Commit Graph

100 Commits

Author SHA1 Message Date
jbrw ea5d303a07
DEV: Increase timeout when pulling hotlinked image (#18036)
We observed that some sites seemingly put us in a tarpit when we attempt to pull hotlinked images. Increasing the timeout will help in these situations.
2022-08-23 09:38:10 -04:00
David Taylor 5238f6788c
FEATURE: Allow hotlinked media to be blocked (#16940)
This commit introduces a new site setting: `block_hotlinked_media`. When enabled, all attempts to hotlink media (images, videos, and audio) will fail, and be replaced with a linked placeholder. Exceptions to the rule can be added via `block_hotlinked_media_exceptions`.

`download_remote_image_to_local` can be used alongside this feature. In that case, hotlinked images will be blocked immediately when the post is created, but will then be replaced with the downloaded version a few seconds later.

This implementation is purely server-side, and does not impact the composer preview.

Technically, there are two stages to this feature:

1. `PrettyText.sanitize_hotlinked_media` is called during `PrettyText.cook`, and whenever new images are introduced by Onebox. It will iterate over all src/srcset attributes in the post HTML and check if they're allowed. If not, the attributes will be removed and replaced with a `data-blocked-hotlinked-src(set)` attribute

2. In the `CookedPostProcessor`, we iterate over all `data-blocked-hotlinked-src(set)` attributes and check whether we have a downloaded version of the media.
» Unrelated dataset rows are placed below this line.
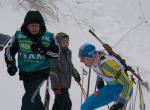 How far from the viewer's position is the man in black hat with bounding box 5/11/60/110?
6090mm

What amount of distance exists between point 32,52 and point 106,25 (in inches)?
297

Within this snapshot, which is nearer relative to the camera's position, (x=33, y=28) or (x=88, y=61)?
(x=33, y=28)

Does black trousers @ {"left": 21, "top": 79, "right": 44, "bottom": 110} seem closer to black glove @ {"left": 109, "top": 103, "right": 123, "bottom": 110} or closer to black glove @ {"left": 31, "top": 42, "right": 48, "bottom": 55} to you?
black glove @ {"left": 31, "top": 42, "right": 48, "bottom": 55}

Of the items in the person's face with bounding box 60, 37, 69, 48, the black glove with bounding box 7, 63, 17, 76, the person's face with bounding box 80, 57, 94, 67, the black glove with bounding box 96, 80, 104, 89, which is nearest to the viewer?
the black glove with bounding box 7, 63, 17, 76

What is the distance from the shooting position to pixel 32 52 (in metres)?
6.13

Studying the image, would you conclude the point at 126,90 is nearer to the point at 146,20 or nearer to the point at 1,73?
the point at 1,73

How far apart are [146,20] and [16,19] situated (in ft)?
16.5

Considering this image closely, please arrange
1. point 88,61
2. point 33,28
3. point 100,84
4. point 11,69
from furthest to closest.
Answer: point 100,84
point 88,61
point 33,28
point 11,69

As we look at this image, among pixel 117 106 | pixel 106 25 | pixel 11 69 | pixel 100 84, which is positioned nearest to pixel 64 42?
pixel 100 84

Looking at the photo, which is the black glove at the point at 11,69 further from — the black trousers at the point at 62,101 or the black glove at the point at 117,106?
the black trousers at the point at 62,101

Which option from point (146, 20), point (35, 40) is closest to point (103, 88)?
point (35, 40)


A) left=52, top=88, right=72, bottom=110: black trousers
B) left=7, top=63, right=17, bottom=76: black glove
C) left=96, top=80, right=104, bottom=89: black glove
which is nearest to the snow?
left=52, top=88, right=72, bottom=110: black trousers

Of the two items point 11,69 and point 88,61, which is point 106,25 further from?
point 11,69

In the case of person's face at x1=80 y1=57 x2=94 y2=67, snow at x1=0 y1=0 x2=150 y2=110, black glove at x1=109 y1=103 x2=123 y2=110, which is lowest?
black glove at x1=109 y1=103 x2=123 y2=110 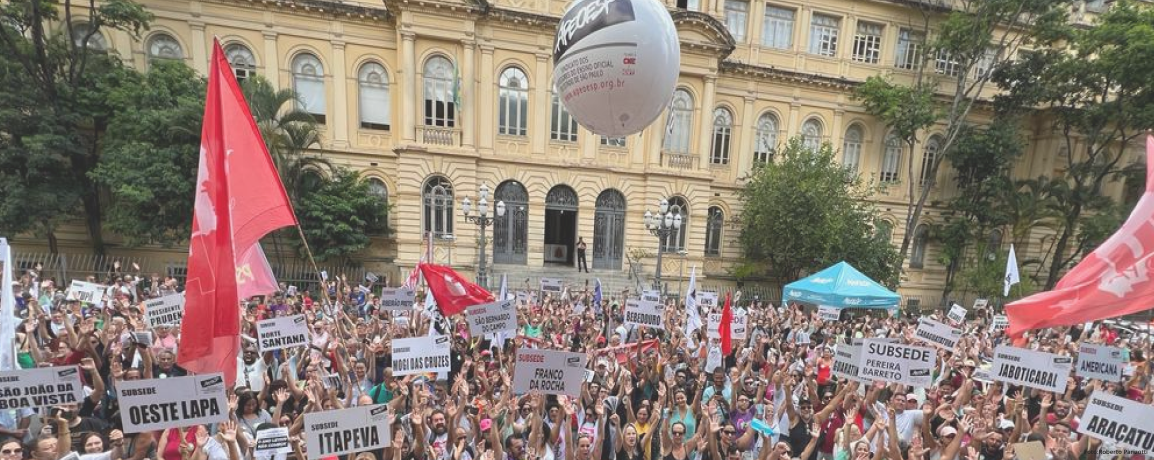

If yes, we update the src to use the downloaded version. If not, the entire media element is replaced with a placeholder. The placeholder is labelled 'external media', and is a link to the offsite media.
2022-06-07 15:23:04 +01:00
David Taylor bf6f8299a7 FEATURE: Pull hotlinked images immediately after posting
Previously, with the default `editing_grace_period`, hotlinked images were pulled 5 minutes after a post is created. This delay was added to reduce the chance of automated edits clashing with user edits.

This commit refactors things so that we can pull hotlinked images immediately. URLs are immediately updated in the post's `cooked` HTML. The post's raw markdown is updated later, after the `editing_grace_period`.

This involves a number of behind-the-scenes changes including:

- Schedule Jobs::PullHotlinkedImages immediately after Jobs::ProcessPost. Move scheduling to after the `update_column` call to avoid race conditions

- Move raw changes into a separate job, which is delayed until after the ninja-edit window

- Move disable_if_low_on_disk_space logic into the `pull_hotlinked_images` job

- Move raw-parsing/replacing logic into `InlineUpload` so it can be easily be shared between `UpdateHotlinkedRaw` and `PullUserProfileHotlinkedImages`
2022-05-23 14:28:02 +01:00
David Taylor 0baabafa9d DEV: Map already-downloaded hotlinked images in post_process_cooked
Previously this mapping of **cooked** images was only being run for oneboxes. Now it runs for all images, so we can transform hotlinked images without needing to immediately update `raw`
2022-05-23 14:28:02 +01:00
David Taylor c1db968740
DEV: Move hotlinked image information into a dedicated table (#16585)
This will make future changes to the 'pull hotlinked images' system easier. This commit should not introduce any functional change.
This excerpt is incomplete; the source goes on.